The software system of the electronic device 100 may employ a layered architecture, an event-driven architecture, a micro-core architecture, a micro-service architecture, or a cloud architecture. The embodiment of the present application takes an Android system with a layered architecture as an example, and exemplarily illustrates a software structure of the electronic device 100.
Fig. 8 is a block diagram of a software configuration of an electronic device according to an embodiment of the present application. The layered architecture divides the software into several layers, each layer having a clear role and division of labor. The layers communicate with each other through a software interface. In some embodiments, the Android system is divided into four layers, an application layer, an application framework layer, an Android runtime (Android runtime) and system library, and a kernel layer from top to bottom. The application layer may include a series of application packages.
As shown in fig. 8, the application package may include applications such as camera, gallery, calendar, phone call, map, navigation, WLAN, bluetooth, music, video, short message, etc.
The application framework layer provides an Application Programming Interface (API) and a programming framework for the application program of the application layer. The application framework layer includes a number of predefined functions.
As shown in FIG. 8, the application framework layers may include a window manager, content provider, view system, phone manager, resource manager, notification manager, and the like.
The window manager is used for managing window programs. The window manager can obtain the size of the display screen, judge whether a status bar exists, lock the screen, intercept the screen and the like.
The content provider is used to store and retrieve data and make it accessible to applications. The data may include video, images, audio, calls made and received, browsing history and bookmarks, phone books, etc.

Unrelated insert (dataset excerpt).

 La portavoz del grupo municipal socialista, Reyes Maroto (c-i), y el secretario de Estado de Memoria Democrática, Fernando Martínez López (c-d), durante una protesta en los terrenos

The view system includes visual controls such as controls to display text, controls to display pictures, and the like. The view system may be used to build applications. The display interface may be composed of one or more views. For example, the display interface including the sms notification icon may include a view displaying text and a view displaying pictures, such as a UI interface displaying a deep learning model of user drill-through graphics in the application layout designer.
The phone manager is used to provide communication functions for the electronic device 100. Such as management of call status (including on, off, etc.).
The resource manager provides various resources for the application, such as localized strings, icons, pictures, layout files, video files, and the like.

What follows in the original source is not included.